Meta is reportedly preparing to open a new wave of physical retail stores in a strategic bid to push sales of its Ray-Ban smart glasses and other wearable devices. The move (first revealed by Business Insider) signals a move from virtual ambitions into tangible retail expansion as the company looks to solidify its position in the emerging face-computing market.
It’s worth noting here that this won’t be Meta’s first foray into bricks-and-mortar. For example, the company launched its debut physical store in Burlingame, California in 2022, followed by a pop-up in Los Angeles. But this latest round of hiring and planning suggests a much broader rollout is on the cards.
The logic behind Meta’s planned move appears to be that smart glasses, especially those blending AR features with fashion, are inherently tactile. Trying them on in person can make or break a sale.

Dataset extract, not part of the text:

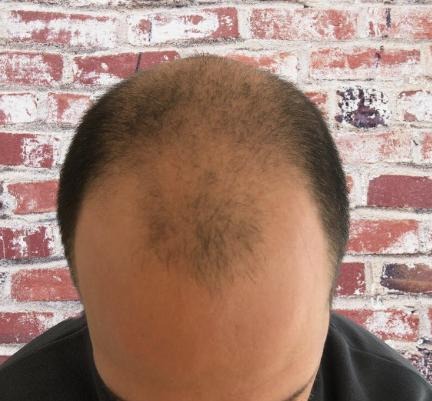 /foren/transplant/index.php/fa/56590/0/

It seems that although Meta reportedly sold over 1 million Ray-Ban Meta smart glasses in 2024 alone, CEO Mark Zuckerberg is said to have challenged staff to raise that figure to 5 million units, prompting the search for a more immersive retail strategy.
In-Store Demos
In-store demos will also likely help Meta showcase its Meta Quest VR headsets, especially as rivals like Apple raise the stakes with more premium offerings like the Vision Pro, priced at $3,499 but struggling to attract mass-market adoption.
By creating dedicated physical spaces, Meta seems to believe it could address two problems at once, i.e. differentiating its devices from commodity tech, and humanising a brand that’s often criticised for being too virtual and too data-hungry.

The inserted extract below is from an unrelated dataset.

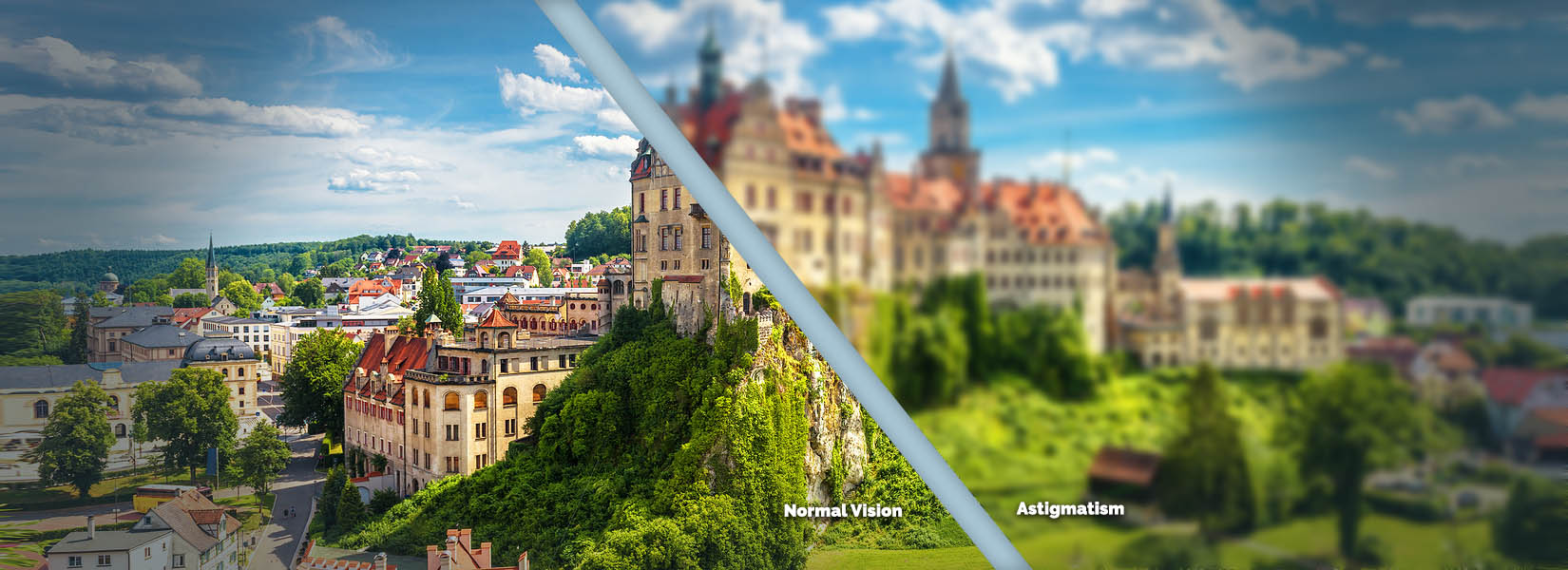 Astigmatism Treatment in Sanford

For business users, this matters. For example, the rise of face-worn computing is set to impact fields from healthcare to logistics. With AI-assisted smart glasses already capable of real-time transcription, photo capture, and even livestreaming, the line between personal wearables and professional tools is blurring fast.
However, it seems that retail has proven a tricky terrain for Big Tech. For example, Microsoft famously shuttered its 83 stores in 2020, and Amazon has scaled back its ambitions after mixed success with physical shops. Meta’s challenge, therefore, may be to offer something more experiential than transactional, and something that convinces users and developers alike that these devices are more than gadgets.
“Open Washing” Accusations Cloud Meta’s AI Open Source Push
At the same time that Meta is championing openness in AI, the company is facing renewed criticism for allegedly misrepresenting the nature of its flagship Llama models, with critics accusing it of “open washing.”
This latest controversy stems from Meta’s role in sponsoring a Linux Foundation research paper, The Economic and Workforce Impacts of Open Source AI, published in May. The report highlights the cost savings and innovation benefits of open source AI (OSAI), noting that 89 per cent of AI-adopting organisations use some form of open source infrastructure, and that open models are significantly cheaper to deploy than proprietary ones, findings that are hard to ignore for small businesses and tech start-ups.
Meta’s involvement in the report, however, has triggered backlash. For example, critics, including OpenUK CEO Amanda Brock, argue that Llama does not meet the widely accepted Open Source Definition (OSD), largely due to commercial use restrictions embedded in its licence.
“Llama isn’t ‘open source’, whatever definition you choose to use for open source,” Brock stated. “We rely on open source being usable by anyone for any purpose, and Llama is not.”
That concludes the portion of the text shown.